Araştırmalarla da desteklenen kadınsı duygusallık, erkeklerin mantıkçı yaklaşımı ile zıtlık gösterebilmektedir. İki cins de duygusallığa ve zekaya önem verse de kadın psikolojisinde anlaşılma arzusu baskındır. Buna bağlı olarak cinslerin duygusal ihtiyaçları da değişiklik gösterebilmektedir.
İlişkilerde Kadın Psikolojisi
Kadınların duygusal ihtiyaçları içerisinde en öncelikli olanı dinlenmektir. Çözüm odaklılıktan önce anlamak ve anlaşılmak arzusunun baskınlaştığı görülmektedir. İlişkiler içerisinde kadın psikolojisi genellikle özgürlük, güven duygusu, anlaşılmak ve bağımsızlık üzerine eğilmektedir. Duygusal beklentiler ve ihtiyaçlar kadının psikolojik geçmişindeki travmalara, rahatsızlıklara bağlı olarak da farklı yönlerde şekillenebilmektedir.
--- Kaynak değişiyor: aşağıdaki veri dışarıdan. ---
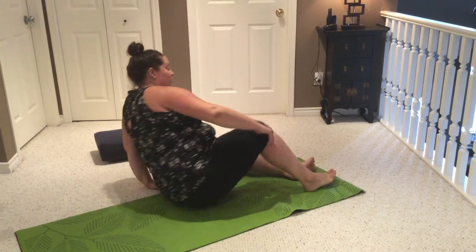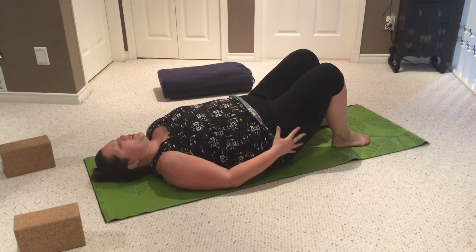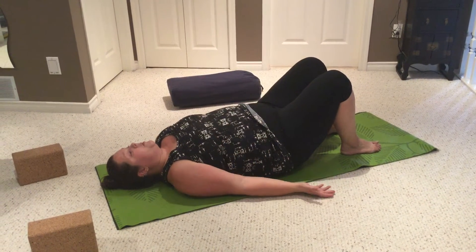For relaxation you want to make it comfortable for you. So you want to come down onto your back. You can have soles of the feet on the floor with the knees bent up if that's most comfortable. Arms at your sides, palms facing up, keep the shoulders nice and open.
Sağlıklı bir ilişki kurmak için kadının psikolojik ihtiyaçlarını göz ardı etmeden hareket etmek önem taşımaktadır. İlişkilerde limbik sistemi daha büyük olan kadının duygusal beklentileri ötelendiği takdirde; acı, üzüntü ve keder duyguları baskınlaşarak depresyon gibi duygusal kökenli rahatsızlıkları ortaya çıkarmaktadır.
Romantik ilişkilerde de kişiler arası diğer ilişkilerde de kadınların dinlenme ve önemsenme arzusu ön plana çıkmaktadır. Bu arzu giderilmediği takdirde kadınlarda depresyon, bunalım gibi etkilerin ortaya çıkması mümkündür.
Sık Sorulan Sorular
- Kadın psikolojisine ne iyi gelir?
Kadın psikolojisine iyi gelen pek çok öneri bulunmaktadır. Dengeli beslenme-uyuma, spor yapma ve sosyalleşme gibi öneriler kadın psikolojisini olumlu etkileyebilmektedir.
- Kadınlarda sık görülen psikolojik hastalıklar nelerdir?
Panik atak, fobi, anksiyete, depresyon ve bipolar bozukluk gibi rahatsızlıklar kadınlarda çok daha fazla görülmektedir.
- Psikolojik rahatsızlıklar neden kadınlarda daha sık görülmektedir?
Yapılan araştırmalara göre erkek beyni daha fazla serotonin üretmektedir. Bu durum da kadınların depresyon eğilimini açıklamakta kullanılmaktadır. Ekonomik, çevresel ve yasal faktörlerin dünya genelinde erkek egemenliğinde olmasının ve erkek gücünün öncelikli tutulmasının da kadın psikolojisinde yoğun etkileri olduğu görülmektedir.